▸ **Exercise**
Find, in the records below, the line that contains "Borussia Dortmund's Guendogan" and the line that contains "the Loom! Two". Copy those two lines and everything between them exactly, but not the pictures.

▸ **Dataset content**
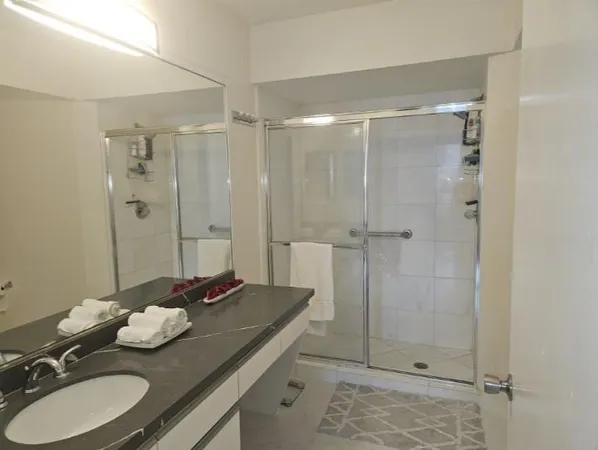 a view of a swimming pool with sitting area and furniture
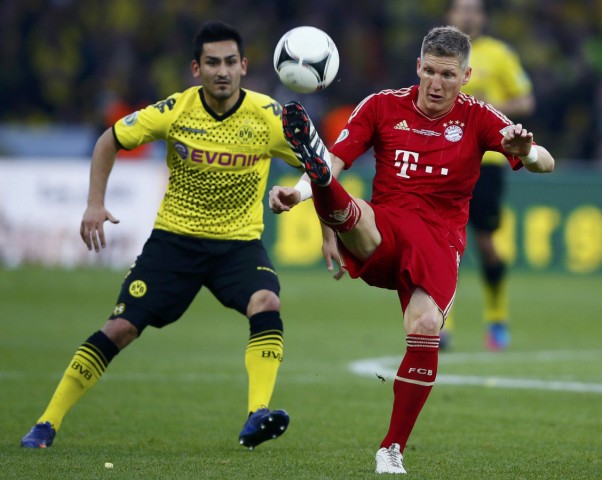 Borussia Dortmund's Guendogan battles for the ball with Bayern Munich's Schweinsteiger during their German DFB Cup (DFB Pokal) final soccer match at the Olympic stadium in Berlin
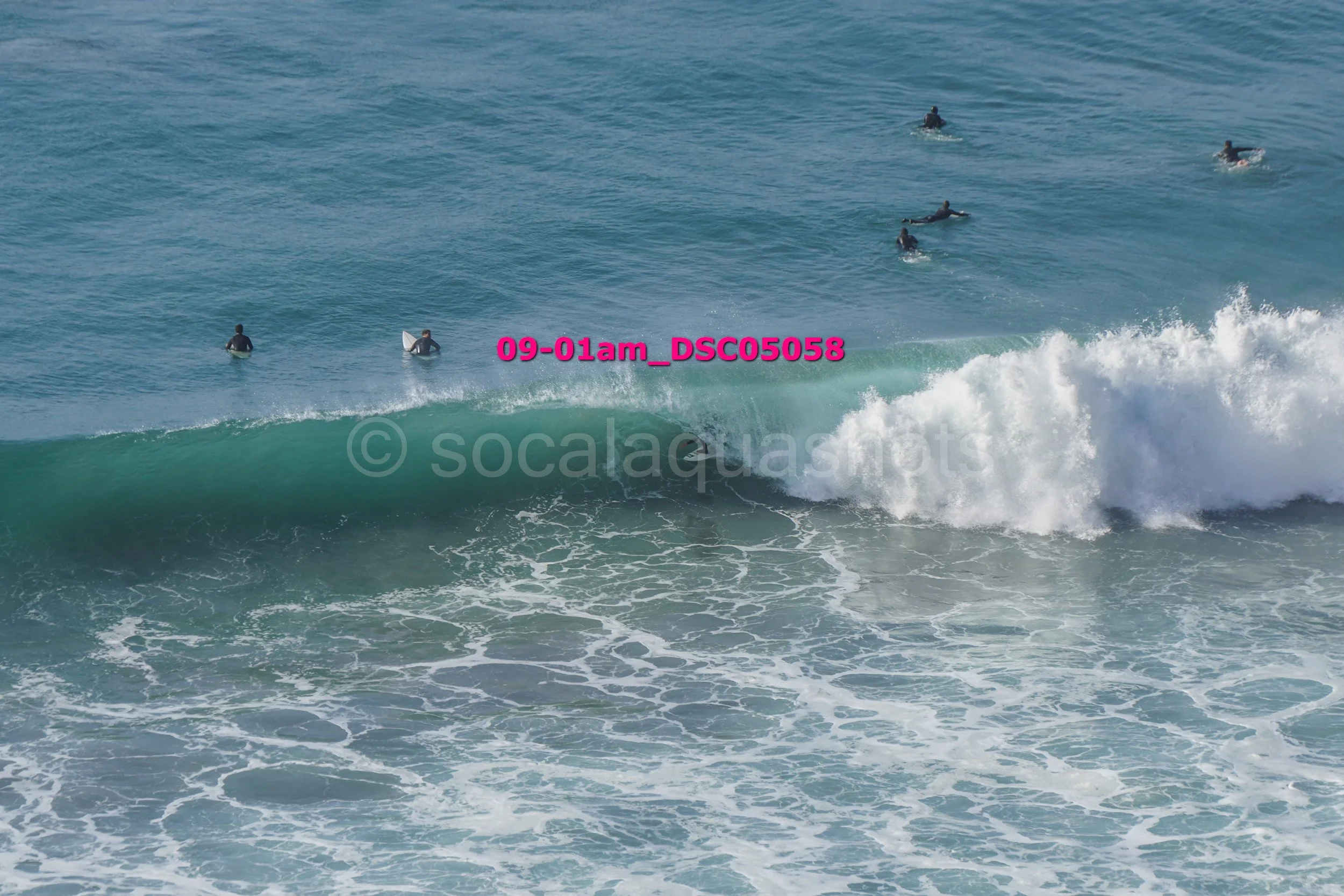 Multiple surfers in wetsuits waiting in the ocean for waves, with one surfer riding a wave.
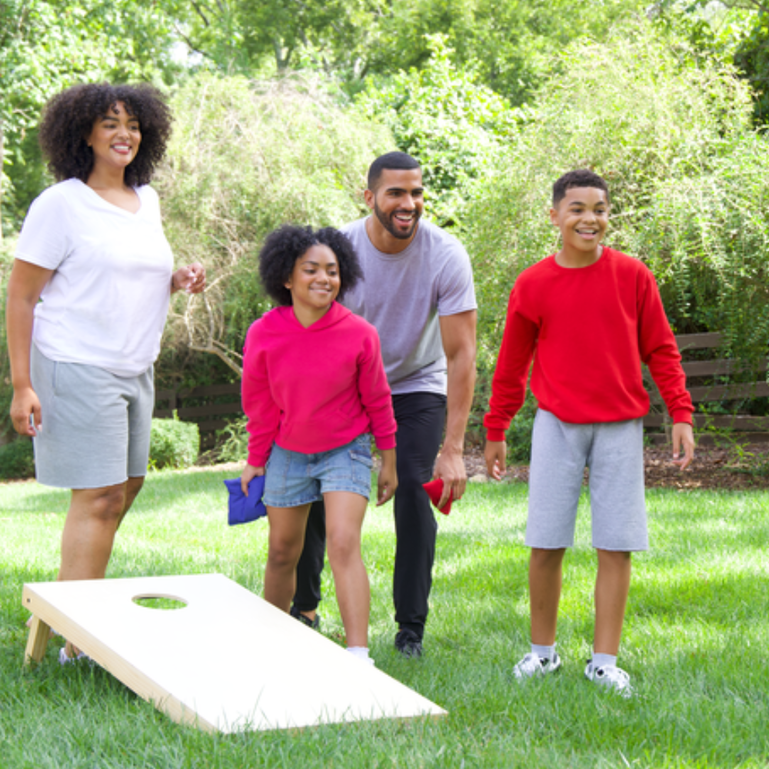 Two kids, a boy and a girl, outside playing cornhole / bean bag toss with their mom and dad. Everyone is happy and smiling because they are wearing Fruit of the Loom! Two kids, a boy and a girl, outside playing cornhole / bean bag toss with their mom and dad. Everyone is happy and smiling because they are wearing Fruit of the Loom!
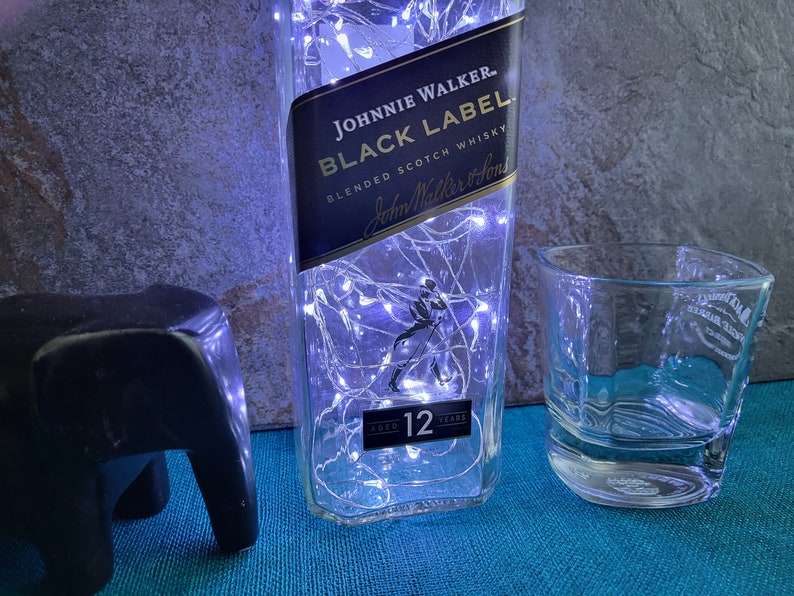 Puede incluir: Una botella de vidrio transparente con una etiqueta negra que dice "JOHNNIE WALKER. BLACK LABEL BLENDED SCOTCH WHISKY John Walker & Sons AGED 12 YEARS". La botella est&aacute; decorada con luces blancas. Un vaso de vidrio transparente se encuentra al lado de la botella.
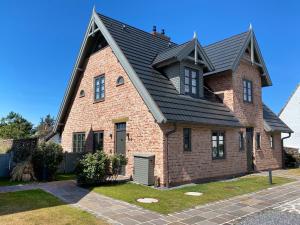 韦斯特兰Ferienhaus Inselwind Sylt的黑色屋顶的棕色砖屋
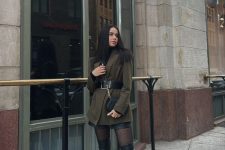 a black turtleneck,a black mini skirt, black tights and over the knee boots, a dark green oversized blazer and a black bag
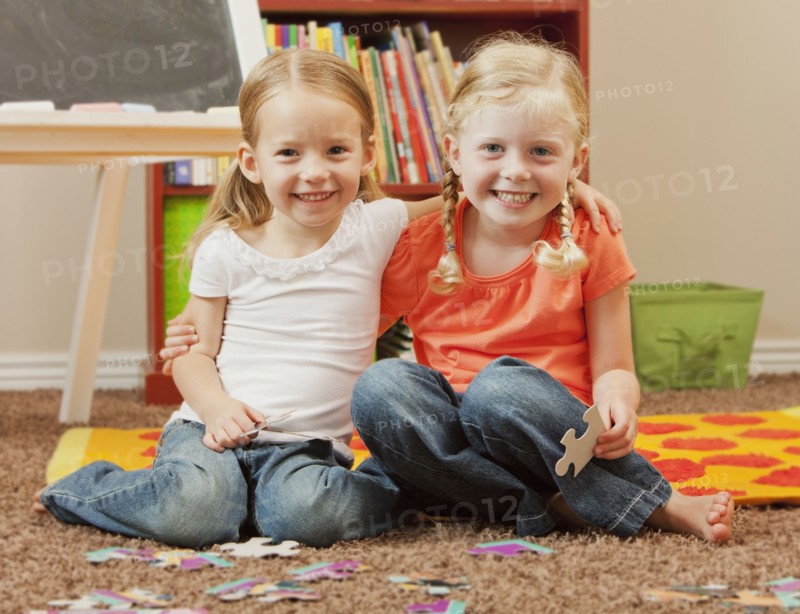 Caucasian sisters putting together puzzle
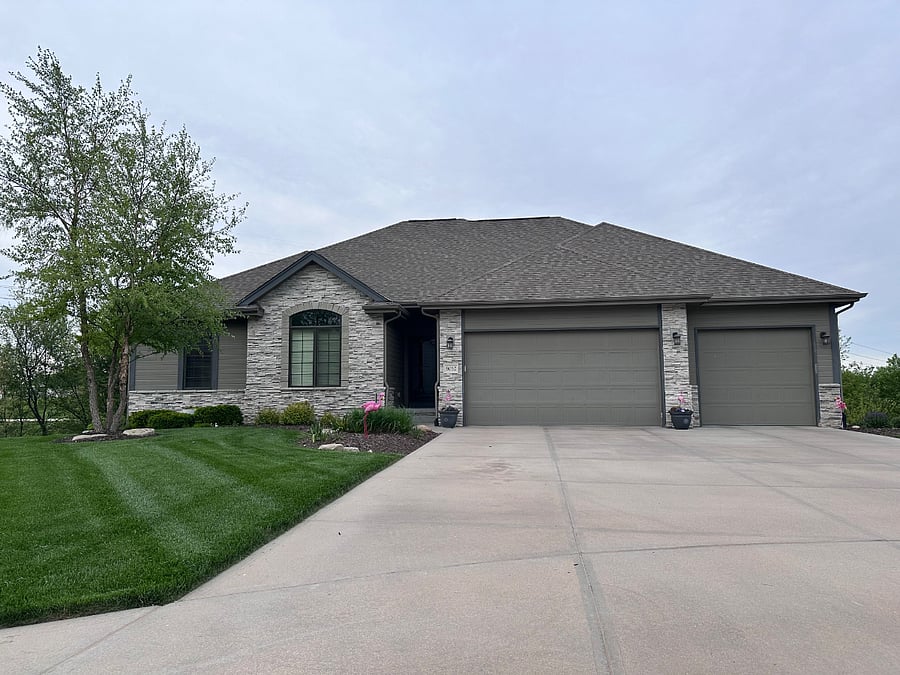 Front of the house. In ground sprinkler system with lawn mowing and snow removal services provided.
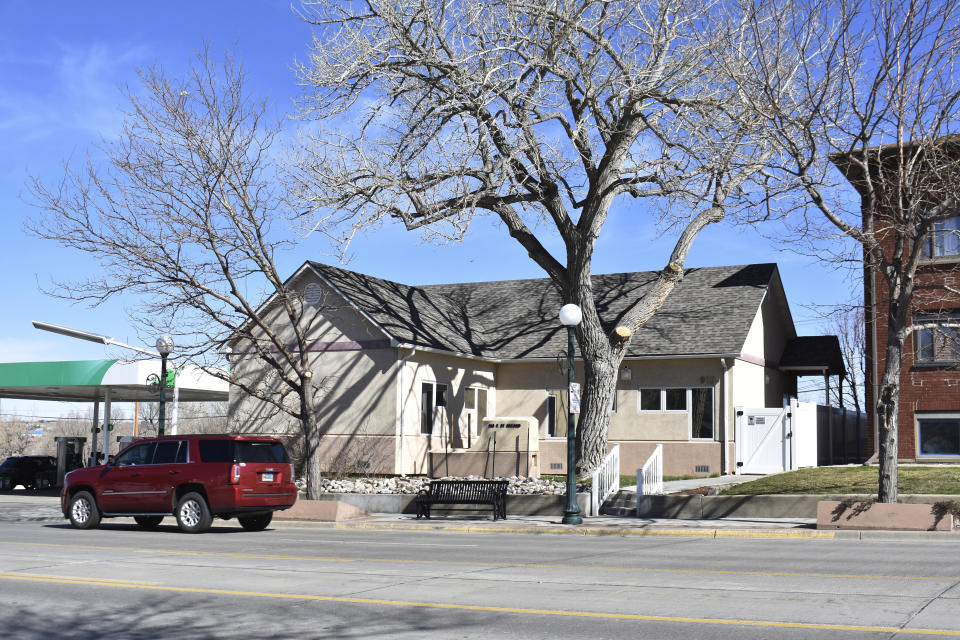 A vehicle passes the Wellspring Health Access clinic in Casper, Wyo., on Monday, April 24, 2023. The mayor of Casper has apologized for posting an image of a fire on Facebook in response to the abortion clinic opening in his city almost a year after an arson attack on the facility. (AP Photo/Matthew Brown)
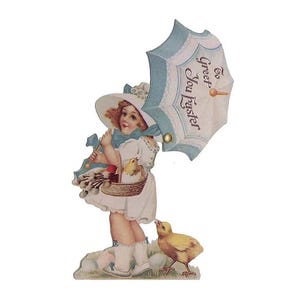 May include: A vintage Easter card featuring a girl in a blue dress and white hat holding a basket of chicks and eggs. She is walking under a blue and white umbrella with the text "To Greet You Easter".
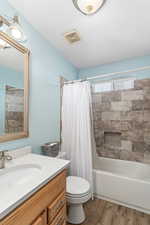 Full bathroom with toilet, wood finished floors, vanity, visible vents, and shower / tub combo with curtain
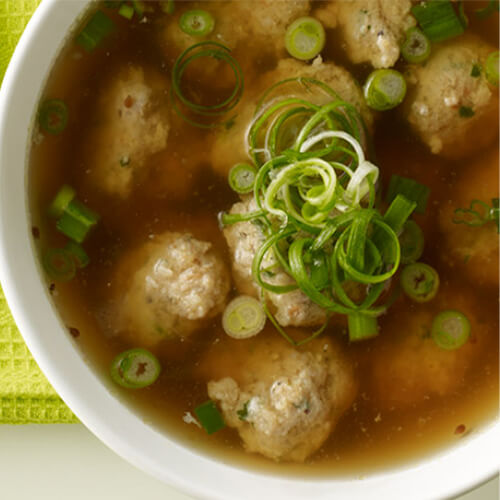 A savory soup with ground turkey, shrimp, cilantro and garlic dumplings simmered in a flavorful hoisin and lemongrass broth, served with a side of chopped green onions, on a white bowl, on a green cloth.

▸ **Reply**
 Borussia Dortmund's Guendogan battles for the ball with Bayern Munich's Schweinsteiger during their German DFB Cup (DFB Pokal) final soccer match at the Olympic stadium in Berlin
 Multiple surfers in wetsuits waiting in the ocean for waves, with one surfer riding a wave.
 Two kids, a boy and a girl, outside playing cornhole / bean bag toss with their mom and dad. Everyone is happy and smiling because they are wearing Fruit of the Loom! Two kids, a boy and a girl, outside playing cornhole / bean bag toss with their mom and dad. Everyone is happy and smiling because they are wearing Fruit of the Loom!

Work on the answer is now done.